Russia’s leadership is well aware the nation is likely to live under Western sanctions for a long time, Prime Minister Mikhail Mishustin said on Wednesday. The government is calculating all the risks associated with the existing and potential future restrictions and is ready for any scenario, he added.
“We understand that sanctions are not a temporary phenomenon. They will not be lifted in an instant. Our former partners have gone too far to just turn around and retreat,” he told the ‘Znanie’ (‘Knowledge’) forum in Moscow.
According to the prime minister, the US and its allies have been slapping Russia with restrictions to “disrupt the economy, hurt the people and hit their standard of living, ‘cancel’ Russia and strip it of the ability to choose its own path based on its peoples’ interests.”
The Russian economy has been weathering the sanctions push well so far and demonstrated its resilience, Mishustin said, adding that some industries still need to fully restore their production chains.

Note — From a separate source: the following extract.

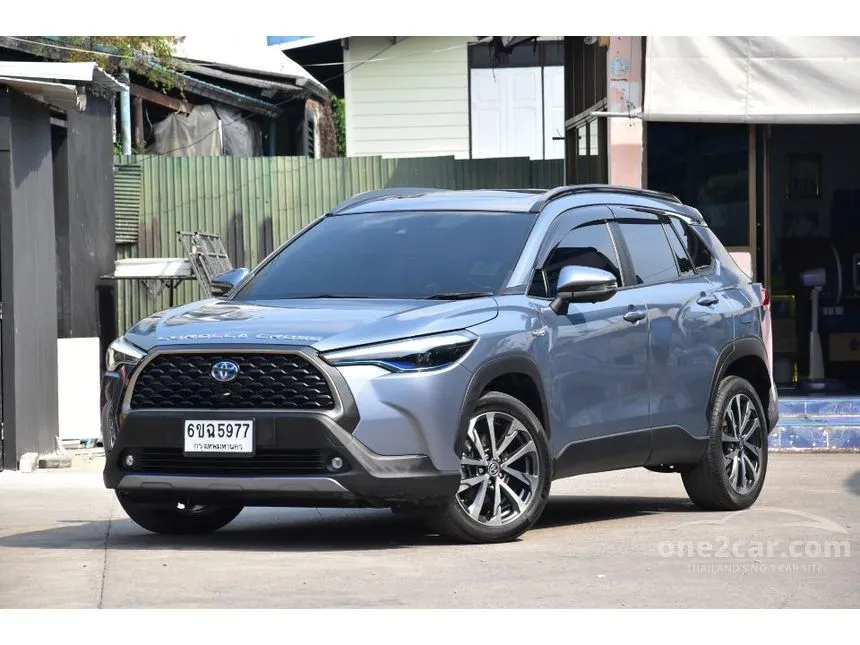 2022 Toyota Corolla Cross Hybrid Premium Safety SUV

The prime minister earlier told the State Duma that the downturn the Russian economy experienced in 2022 was not as drastic as had been predicted, adding that the nation is going back to economic growth now.
The Russian government’s head also warned that the “sanctions war” ultimately led nowhere and only impeded global economic development. The world is now dominated by developments affecting every aspect of life, the prime minister said, naming the rapid development of information technologies used in various fields as one of such processes. “They [IT technologies] are now an important condition of long-term quality economic growth,” he said.

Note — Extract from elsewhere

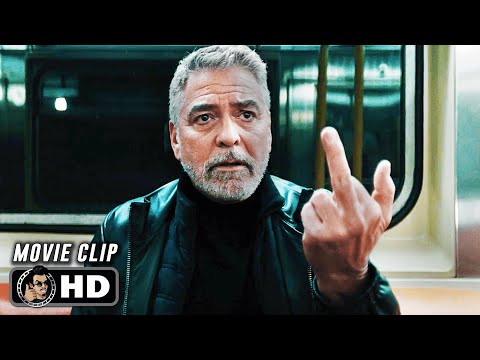 Twist Ending Scene | WOLFS (2024) Movie CLIP HD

Last week, the head of the Russian Central Bank, Elvira Nabiullina, said that the Western sanctions Russia had to face last year were worse than “even the most pessimistic scenario.” Although no one could have predicted anything like that, both the Russian people and the country’s businesses demonstrated remarkable adaptability in the face of this new reality, she added.
The US and EU have introduced a total of ten rounds of sanctions over the conflict. In December, the EU, along with the G7 countries and Australia, introduced a price cap on Russian seaborne oil, set at $60 per barrel.